E onde está esse desperdício? Na hora da colheita, quando a uva é arremessada lá do alto da parreira para o chão, sem amortecedor. No transporte, em que os tomates vêm amassados pelas caixas de madeira empilhadas, uns sobre os outros. Nos centros atacadistas, quando os abacaxis que vieram amontoados nos caminhões continuam amassados no balcões de venda. Nos mercados, sempre que os consumidores apertam a cebolas, enfiam a unha no chuchu e quebram a ponta da vagem para checar se o produto tem qualidade. Se o alimento não agradar o exigente comprador, seu destino é o lixo. Afinal, ninguém vai querer uma comida amassada ou quebrada. Ou vai? E aí, o que era bom, próprio, vai dando espaço ao invisível.

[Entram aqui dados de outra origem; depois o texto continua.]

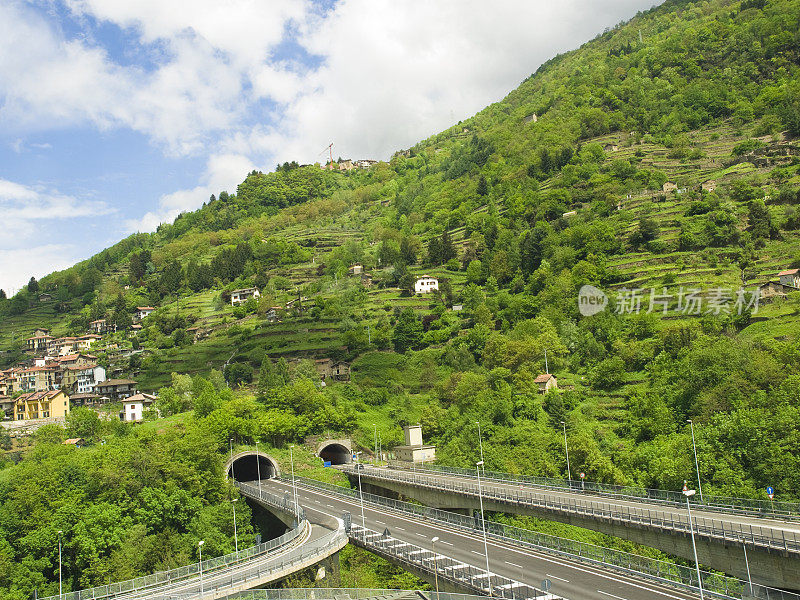 穿过小山的隧道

Do total de desperdício no país, 10% ocorre durante a colheita; 50% no manuseio e transporte dos alimentos; 30% nas centrais de abastecimento; e os últimos 10% ficam diluídos entre supermercados e consumidores.

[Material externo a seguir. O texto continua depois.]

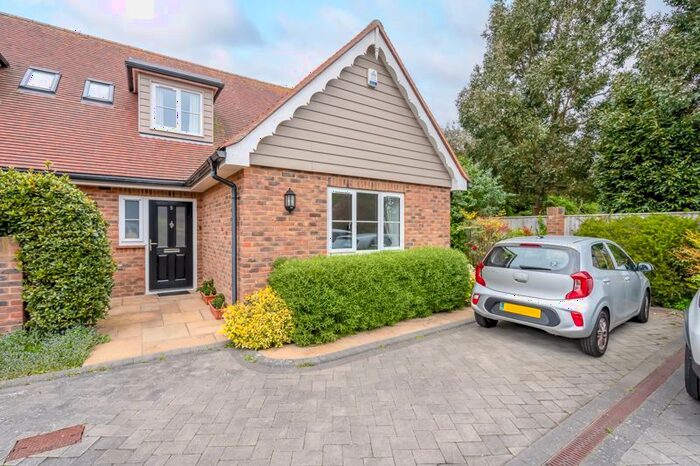 3 Bedroom Semi-Detached House To Rent In Fawkes Mews, Bognor Regis, PO21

Além de cultivo de alimentos cada vez menos nutritivos para agradar aos olhos, ainda temos uma perda enorme com legumes muito pequenos, cenouras de duas pernas, tomates sem cor. A maioria desses produtos vai pro lixo pois não são “comercializáveis”. E representa cerca de 20% da produção que vai pro ralo logo na primeira tacada, na seleção do produtor.

Alguns produtores, obviamente, usam esse excedente para alimentar animais, alimentação da comunidade local, etc. mas a grande maioria manda pro lixo mesmo. Sim, com quase um milhão de bocas no mundo passando fome.

Solução? São várias e abrangem muitas áreas.

Nós podemos fazer nossa parte. Não compre hortifruti nas bancas lindas e brilhantes. Se informe sobre os produtos utilizados nessas bancas-boutique para deixar os produtos brilhosos e conservados. Procure lugares que vendem produtos menos bonitos e mais saborosos. Supermercado não é o melhor lugar para comprar hortifruti.

Procure feiras, mercearias de bairro, peça por produtos de segunda linha, frequente as feiras orgânicas e os mercados orgânicos. Produtores orgânicos geralmente não se preocupam com a estética em detrimento do sabor ou da nutrição. Compre direto do produtor e diga que aceita mesmo os produtos “feinhos”.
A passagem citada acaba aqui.